[Captioned web images]
┌────────

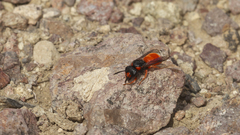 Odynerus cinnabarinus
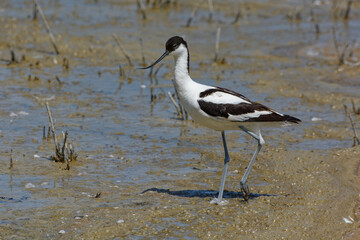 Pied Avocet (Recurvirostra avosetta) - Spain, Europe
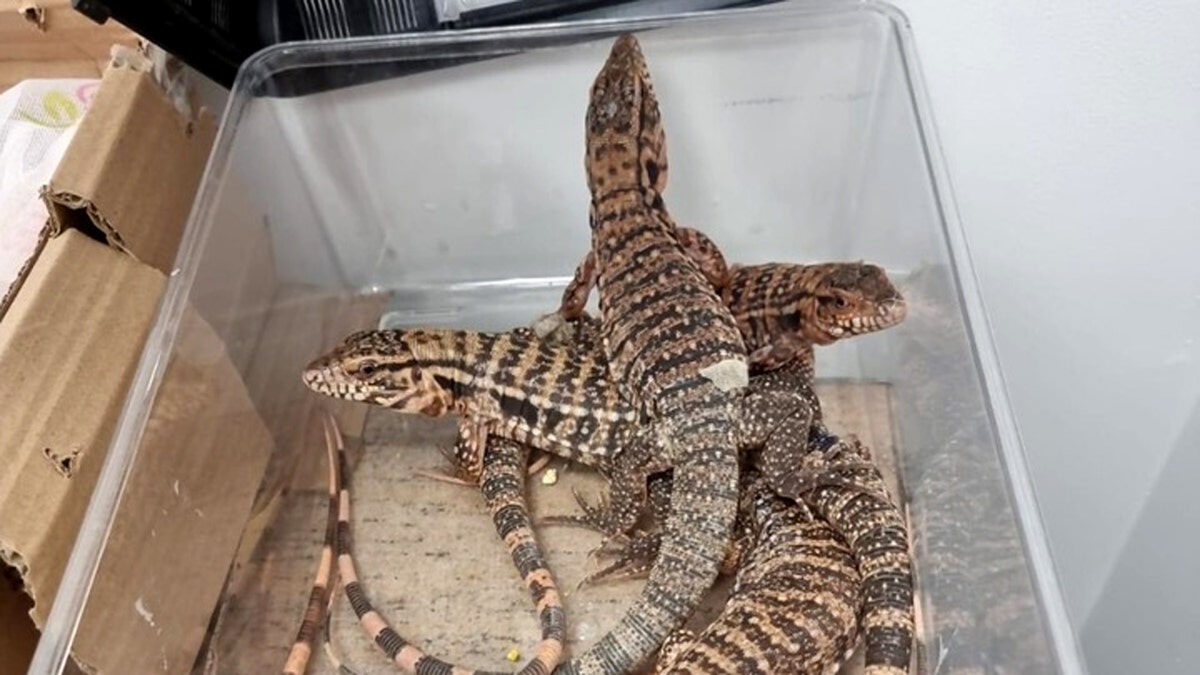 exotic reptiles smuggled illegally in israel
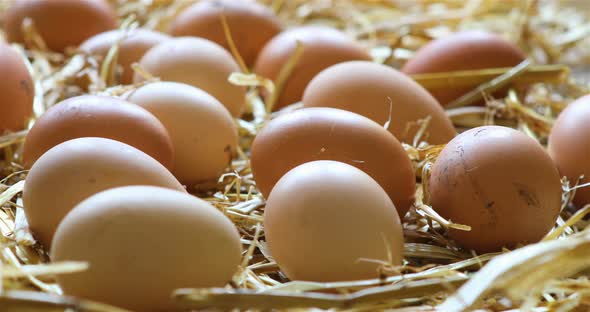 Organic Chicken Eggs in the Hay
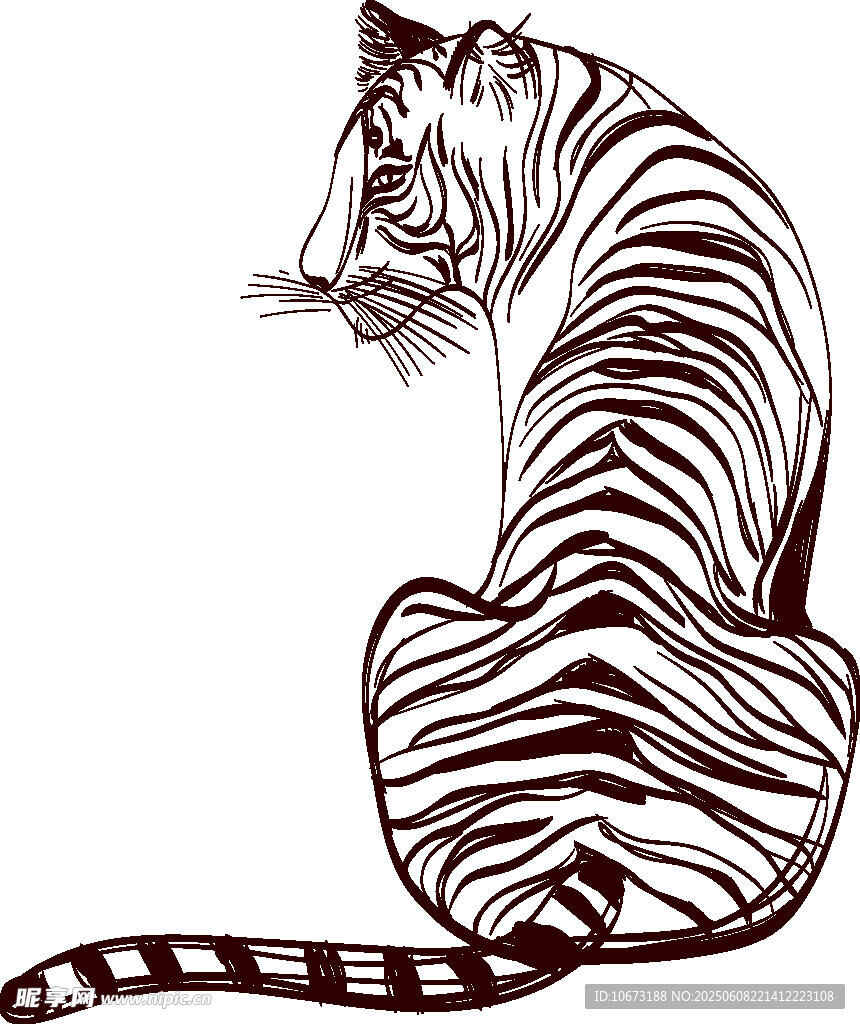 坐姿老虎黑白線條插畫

└────────

◆ Brief: Transcribe the records in full and exactly. Pictures stay out.

◆ Answer:
 Odynerus cinnabarinus
 Pied Avocet (Recurvirostra avosetta) - Spain, Europe
 exotic reptiles smuggled illegally in israel
 Organic Chicken Eggs in the Hay
 坐姿老虎黑白線條插畫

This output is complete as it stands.